Yes. Greed – the thief on the throne. The arbiter that becomes the usurper, whose green fire after every feast of fraud purifies neither our farms nor our fields. And the strange redeemers garbed in gabardines of growing graft, in a land so richly endowed and blessed by God, yet, so brazenly and callously impoverished by our masquerading messiahs.

My dear reader, what you have just read is a snippet of the introduction to my collection of poems titled: ‘Petals and Thorns-Truth and Blood’ as compiled in 1994. They were written over a period of 18 years, from the Second Republic right to the tail end of military dictatorship. Worthy of note is that many of them were published in the defunct Nigerian Herald, Ilorin, Kwara State under my poetry column (Poem of the Week) on Saturdays.

The million-naira question is this: Is the quality of life of the average Nigerian, going by the Human Development Index(HDI) based on access to nutritious and affordable food, decent shelter, quality education and healthcare delivery any better as today in the 21st Century Nigeria, than it was when these poems were written decades ago? The answer is a patently obvious ‘no!’

Sadly, the common connecting theme and thread is the greed of not a few of our political leaders, and the deafening applause of mediocrity by their hero- worshippers. Truth has been painted in colours of cash and kind, and it has become increasingly difficult to tell the difference between right and wrong and between our heroes and our foes.

Similarly, in the cheating chess game of sapping survival the ogre of corruption dons many colours. This recurring ugly decimal in our yet-to-be-balanced socio-political equation, more than six decades of our political independence is a clear indictment on the ruling class.

Similarly, according to a research paper titled: ‘Of Politics and Politicians In Nigeria: The Human and Social Governance Consequences’ published in January 2020 as a Project: by Okechukwu Dominic Nwankwo’s Lab (Psychology and Human Behaviour) et al the findings were saddening.

It stated that: ‘The human/social governance consequences were: Social polarisation, disappointed governance, loss of confidence in electoral system, corruption, poor societal development, misguided rule of law, exponential unemployment, poor standard of living, misguided life virtue, and embarrassing Judiciary.

Proffered recommendations were improved political value system, proactive Judiciary, accountable politics/politicians, and stopping irresponsible political extravagant lifestyle.’

The pain however, is that as 2023 comes closer by the day, the internecine struggle for power for self-aggrandisement rather than the pitiable poor, clearly shows that party politics in Nigeria has been turned into a worse-case jungle scenario of the Charles Darwin principle of survival of the fittest.

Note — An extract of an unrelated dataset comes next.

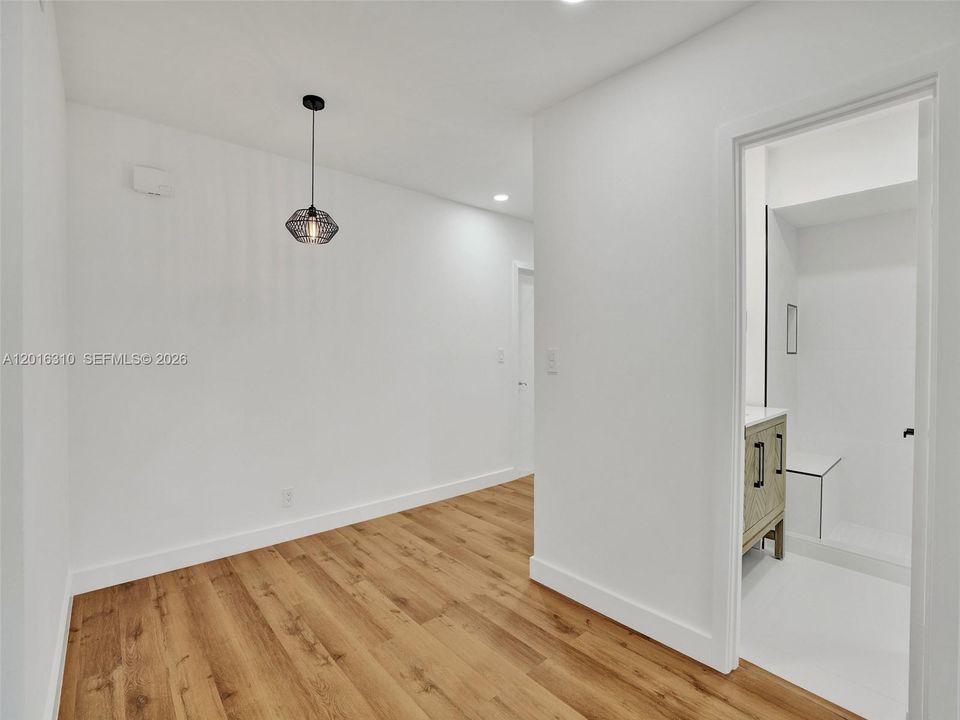 Active With Contract: $1,700 (1 beds, 1 baths, 685 Square Feet)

In fact, one can add that of the crudest, the most cunny, the heartless and of course, the rotten-rich. These are characterised by the brick-bats within both the All Progressives Congress (APC) and the Peoples Democratic Party (PDP) which are having it as a Herculean task to conduct party congresses.

As it plays out in the jungle, some of our politicians act as the Cuckoo Bees which are well-known as traitorous usurpers. They can sell their souls to the devil and keep betraying their brothers to get to power. Others care little or nothing about morals and humanity. In their scheme to get the juiciest political positions come the next dispensation, they are ready to behave like the Black Mamba, the Puffer -fish, the Indian Saw-Scaled Viper or even the Cape Buffalo to silence every form of opposition. To these ruthless oppressors, the end justifies the means.

Unfortunately, these power-poaching politicians would still have willing tools amongst the ignorant and the poor members of the Nigerian society to carry out their dastardly acts. But yours truly is hereby saying that we should not allow ourselves to be used as cannon fodders only to be discarded ignominiously as wasted sponges.

Now is the time for enlightened and concerned Nigerians to raise our choral song of sanity against our common enemies of ignorance and want visited on us by the Greed of the self-appointed few. Let us say a concerted no against high costs of the nomination forms by the different political parties. That is the root cause of the high cost of running government in the country.

Similarly, let us raise our voices against the huge pay-package of political appointees. It must be drastically scaled down equivalent to the civil salary scales, in tandem with the harsh economic realities on ground. Paying billions of naira to feed the occupants of Aso rock and all other state houses across the country is inimical to the economic growth of a country currently groaning under the huge debt profile, both at the state and federal government levels.

And coming to the content of character of our future pilots, they must be people who understand the nitty-gritty of selfless leadership. They must be willing to be guided by the compass of vision, character, commitment, humility and honesty of purpose against the storms of Greed. They should be prepared for constructive criticism. As an Ebira proverb goes, ‘A leader is like a dustbin’ at which all manner of filth would be thrown. Our leaders should therefore, not mount the pedestal of political power with any ethnic or religious agenda to drag us deeper into the mud and mire of political instability, divisive tendencies worsening disunity.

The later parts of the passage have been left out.